TRIBUNNEWS.COM - PP Muhammadiyah menyatakan sikapnya atas pernyataan Joko Widodo (Jokowi) yang menyebut presiden boleh memihak dan ikut kampanye.
Pernyataan Jokowi itu menjadi perbincangan publik karena sebelumnya sang presiden meminta agar aparatur sipil negara (ASN) dan pejabat publik netral dalam gelaran Pilpres 2024.
Ketua Majelis Hukum dan Hak Asasi Manusia (HAM) PP Muhammadiyah, Trisno Raharjo, mendesak Jokowi untuk mencabut pernyataan keberpihakannya tersebut.
Pasalnya, menurut Trisno, pernyataan Jokowi ini tidak bisa hanya dilihat dari kacamata normatif saja.

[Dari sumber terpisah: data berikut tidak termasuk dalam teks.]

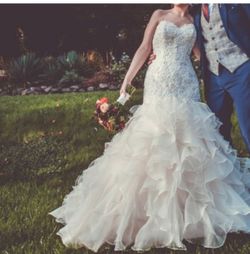 White heavy wedding dress 3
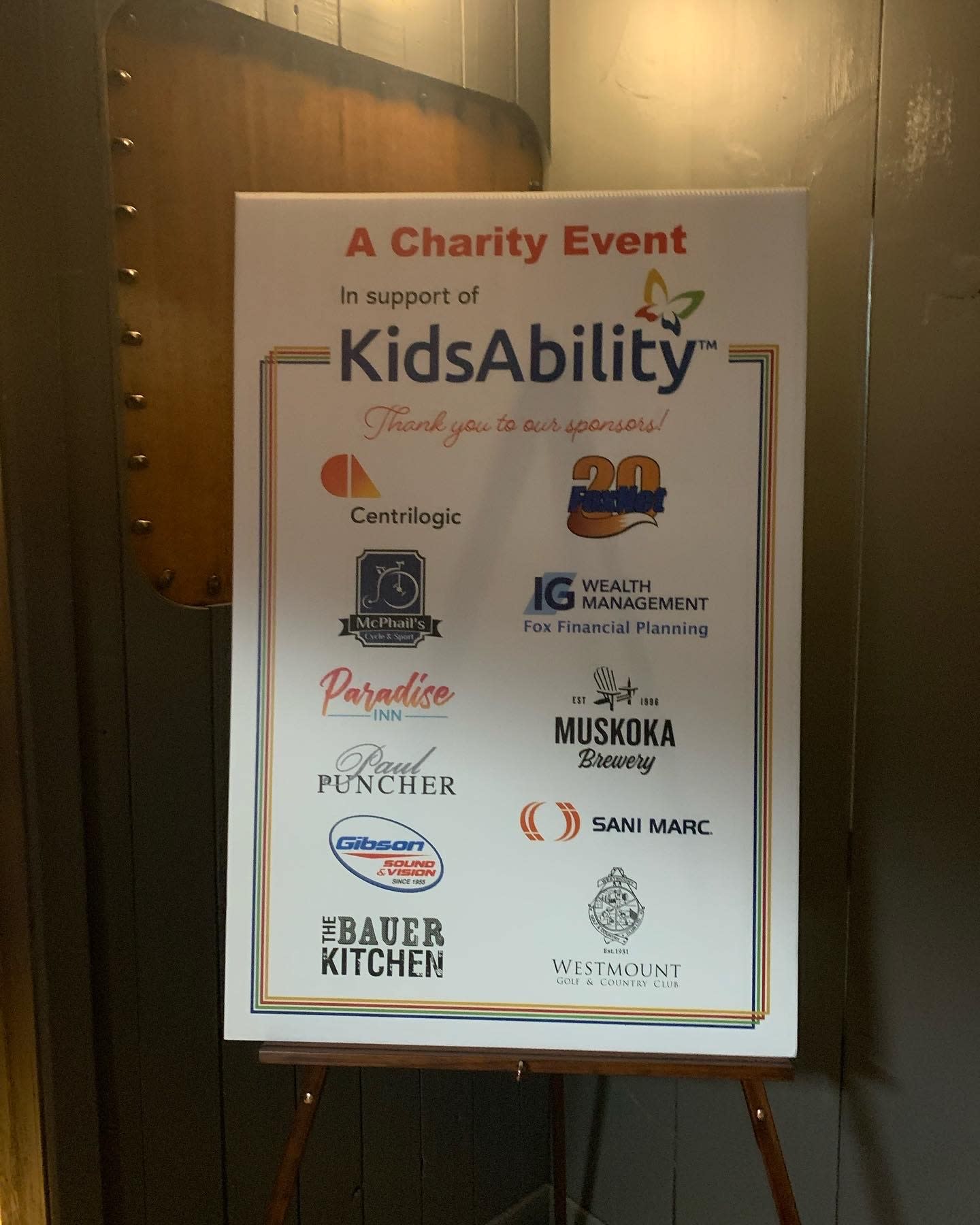 Kidsability poster of  supporters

Namun, juga harus dilihat dengan optik yang lebih luas, seperti sudut pandang filosofis, etis, dan teknis.
Trisno menyebut, dari sudut pandang normatif, memang benar Pasal 299 ayat (1) UU Pemilu menyatakan presiden dan wakil presiden memiliki hak untuk melaksanakan kampanye.
Namun, pasal tersebut tidak dapat dipandang sebagai sebuah norma yang terpisah dan tercerabut dari akar prinsip dan asas penyelenggaraan pemilu yang di dalamnya terdapat aktivitas kampanye.
Menurut Trisno, pelaksanaan kampanye ini harus dipandang bukan hanya sekadar ajang memperkenalkan peserta kontestasi politik, melainkan juga harus dipandang sebagai bagian dari pendidikan politik kepada masyarakat sesuai Pasal 267 ayat (1) UU Pemilu.
“Pernyataan Jokowi bahwa presiden dibenarkan secara hukum untuk berkampanye dan berpihak merupakan statemen yang berlindung dari teks norma yang dilepaskan dari esensi kampanye dan pemilu itu sendiri,” papar Trisno, dilansir WartakotaLive.com, Minggu (28/1/2024).
Kemudian dari sudut pandang filosofi, presiden sebagai kepala negara memiliki tanggungjawab moral dalam segala aspek kehidupan bernegara, termasuk pemilu.
Untuk itu, kata Trisno, presiden wajib memastikan terlaksananya Pemilu yang berintegritas.
Baca juga: Jokowi-AHY Bertemu di Yogyakarta, Demokrat: Bahas Situasi Politik Terkini
“Sebuah jabatan publik terikat dengan prinsip dasar yang harus dipatuhi, pejabat publik disumpah untuk menjabat sepenuh waktu, sehingga seharusnya, memang tidak ada aktivitas lain selain yang melekat pada jabatannya,” terang Trisno.
Selanjutnya, dari sudut pandang etis dan teknis, sambung dia, sumpah jabatan penyelenggaraan negara, termasuk presiden adalah setia kepada Pancasila dan UUD 1945.
Kesetiaan itu harus diwujudkan dalam segala kegiatannya, meskipun presiden diusulkan oleh partai politik atau gabungan partai politik, saat dirinya menjabat menjadi presiden.